Life

Chelsea Clinton on self-care and why vaccine hesitancy ‘keeps me up at night’

The Unwind is Yahoo Life’s well-being series in which experts, influencers, and celebrities share their approaches to wellness and mental health, from self-care rituals to setting healthy boundaries to the mantras that keep them afloat, Given that she spent her formative years in the White House, it’s little surprise that former first daughter Chelsea Clinton is at ease unpacking complex public health issues in her new iHeartRadio podcast, In Fact with

Chelsea Clinton talks running, staying grounded and her new iHeartRadio podcast. (Photo: Courtesy of Chelsea Clinton; designed by Quinn Lemmers)

Chelsea Clinton. The new platform allows the science-driven global health advocate to dig into the statistics and stories behind such pressing concerns as environmental justice, addiction, reproductive rights, and vaccines, with guest experts ranging from Jane Fonda to Atlanta Mayor Keisha Lance Bottoms.  Clinton says she hopes that bringing these conversations to the forefront will help empower audiences overwhelmed by misinformation amid a pandemic. Here, the mother of three also shares her passion for running, how she’s teaching her kids about kindness and why worrying about vaccine hesitancy keeps her up at night.

What about the premise of this podcast appeals to you?

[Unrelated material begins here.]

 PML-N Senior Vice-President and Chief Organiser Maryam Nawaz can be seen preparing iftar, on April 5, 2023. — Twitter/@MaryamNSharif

I should just acknowledge that I love podcasts. I listen to many podcasts, so it is certainly a way that I can consume information and learn new things and also kind of learn about how people I really respect are kind of thinking about different questions or issues in the world. A podcast felt like a very natural format for me, partly because I grew up listening to the radio. I grew up listening to NPR with my mom every morning.  And

we’re living through a moment, at least in my lifetime, that has had unprecedented interest in public health. And I hope that as we have more people vaccinated and hopefully can kind of move forward out of this horrific moment, that people have an understanding of why public health is so important and how interconnected our health really is to one another, yet don’t think it’s just about COVID-19 or even just about infectious diseases. And so I hope that this podcast can really help inform people and empower people with an understanding of what’s happening in other issues that really connect to public health, even if that may not be how they perceive them, whether that’s climate change or reproductive rights or anything else that we’re going to talk about on In Fact.

Story continues

You’re speaking to many notable people on the show, including Dax Shepard, Jane Fonda, and Jonathan Van Ness. Is there something shocking that you learned throughout these conversations?

Well, admittedly, I’ve done a lot of homework before I talk with my guests. I don’t know if there’s anything kind of surprising in like an “aha!” sense, but what’s undoubtedly surprising is the depth of feeling and thoughtfulness and commitment to the different issues that I’m talking about with people even though. Clearly, I know that they know so much [about the topic]… But just listening to Dax Shepard talking about how he talks to his kids about addiction and substance abuse disorders or listening to Mayor Bottoms of Atlanta talk about how she experiences environmental racism as a Black woman in Atlanta in her own home energy bill,

and how even being the mayor of Atlanta doesn’t protect her from generations of literally built-in structural racism in her city. So there are some intensely emotional moments that I was incredibly affected by, and I certainly hope that listeners will be too — if only to help them understand the absolute urgency and scope of the different issues we talk about. These aren’t just issues that affect a few people; these are issues that affect many millions disproportionately and ultimately affect all of us through our shared public health.

Molly Aronson

Molly Aronson is a 26-year-old government politician who enjoys bowling, running and jigsaw puzzles. She is creative and exciting, but can also be very greedy and a bit greedy.She is an australian Christian who defines herself as straight. She has a post-graduate degree in philosophy, politics and economics. She is allergic to grasshoppers.

Related Articles

Leave a Reply

Your email address will not be published.